I have a fresh install of centos 8.2, updated and enabled epel and power tools. Then I installed the latest cuda version from the official site. I have a 1660 graphics card.
cuda 11 install
When I restart after I install cuda GDM crashes with the “oops a problem has occurred screen”. If I boot up in multiuser mode everything works as expected. I can even run “startx” and get to the desktop just fine. I uncommented the line “WaylandEnable=false” in /etc/gdm/custom.conf with no change. Can someone please help me get GDM to not crash so I can login to my workstation normally?
Please run nvidia-bug-report.sh as root and attach the resulting nvidia-bug-report.log.gz file to your post. You will have to rename the file ending to something else since the forum software doesn’t accept .gz files (nifty!).
Here is the bug report.nvidia-bug-report.log.gz.log (1.1 MB)
Please try disabling the intel igpu in bios. Alternatively, create /etc/X11/xorg.conf which only contains
Option "AllowEmptyInitialConfiguration" "true
nvidia-bug-report.log.gz.log (1.1 MB)
I disabled the igpu in the bios with no change in behavior. Here is another log after I have disabled the igpu. This worked on this same box with Centos 7 without any problem.
Everythings seems to work just right, the Xserver starting correctly. Maybe the client libs are broken, please post the output of
ls -l /lib64/libGL*
libgl.txt (2.2 KB)
Here is the output. I think everything is mostly working. Like I said, if I change to a tty and then manually startx I can get to the desktop without a problem. It seems to be a problem with gdm. I notice when the driver gets installed there are some packages with “egl-wayland” int he name that get installed.
Here is an xorg log that might help.Xorg.1.log (10.3 KB)
Specifically the line below may mean something
NVIDIA(GPU-0): Failed to acquire modesetting permission.
That’s helpful, didn’t notice it in the logs before. Please remove “rhgb” from kernel parameters.

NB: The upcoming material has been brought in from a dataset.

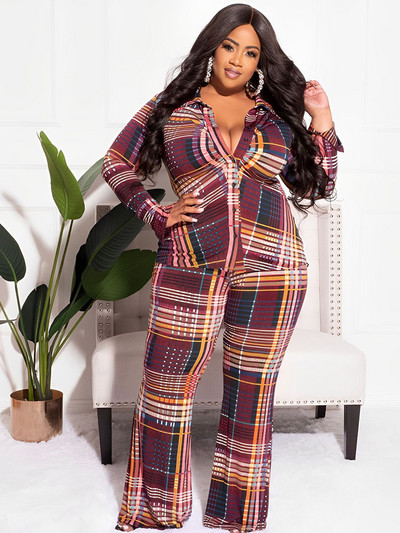 Seturi de 2 piese Ținute pentru femei Plus Size Homewear Set femei de iarnă Cămașă în carouri casual și pantaloni lungi și largi Vânzare cu ridicata Dropshipping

If that doesn’t help, please post the output of
ls -l /dev/nvid* /dev/dri/*
removing the rhgb parameter didn’t help the GDM login.
Here is the output from /proc/cmdline
BOOT_IMAGE=(hd1,gpt2)/vmlinuz-4.18.0-193.6.3.el8_2.x86_64 root=/dev/mapper/cl_tc--server-root ro crashkernel=auto resume=/dev/mapper/cl_tc--server-swap rd.lvm.lv=cl_tc-server/root rd.lvm.lv=cl_tc-server/swap quiet rd.driver.blacklist=nouveau
Here is the other output you asked for after removing the rhgb parameter
ls -l /dev/nvid* /dev/dri/*
crw-rw----+ 1 root video 226, 0 Jun 24 06:55 /dev/dri/card0
crw-rw-rw-. 1 root render 226, 128 Jun 24 06:55 /dev/dri/renderD128
crw-rw-rw-. 1 root root 195, 0 Jun 24 06:55 /dev/nvidia0
crw-rw-rw-. 1 root root 195, 255 Jun 24 06:55 /dev/nvidiactl
crw-rw-rw-. 1 root root 195, 254 Jun 24 06:55 /dev/nvidia-modeset
lrwxrwxrwx. 1 root root 8 Jun 24 06:55 pci-0000:01:00.0-card -> ../card0
lrwxrwxrwx. 1 root root 13 Jun 24 06:55 pci-0000:01:00.0-render -> ../renderD128
Just some more information about what exactly is happneing.
When I boot up I get this screen:
If I immediately switch to a tty It doesn’t work and I get this message:
If I press enter and “Log out” I get a blank screen and then back to the “Oh No!” screen. Now when I switch to a tty it works as expected.
Please let me know if there is anything else that will be helpful in diagnosing this issue.
Please post the output of
Please try adding it to the video group
sudo usermod -a -G video gdm
No change. I still get the “Oh no!” screen
gdm : gdm video
Not really an idea what could be wrong, maybe the driver just gets loaded too late, please run
sudo dracut -f
to recreate the initrd.
That didn’t change anything. I boot up in multi-user mode and then run
sudo systemctl start gdm
This has the same problem that booting into the graphical mode does. I get the “Oh no” screen.
Although “startx” gets me right to the desktop and everything appears to work.
I will try and open a bug with Centos and see if someone there has a solution.
I opened a bug on RHEL 8.2
It looks like this is a bug related to selinux. It is unclear yet if this is a problem in RHEL or if the nvidia packages has bug.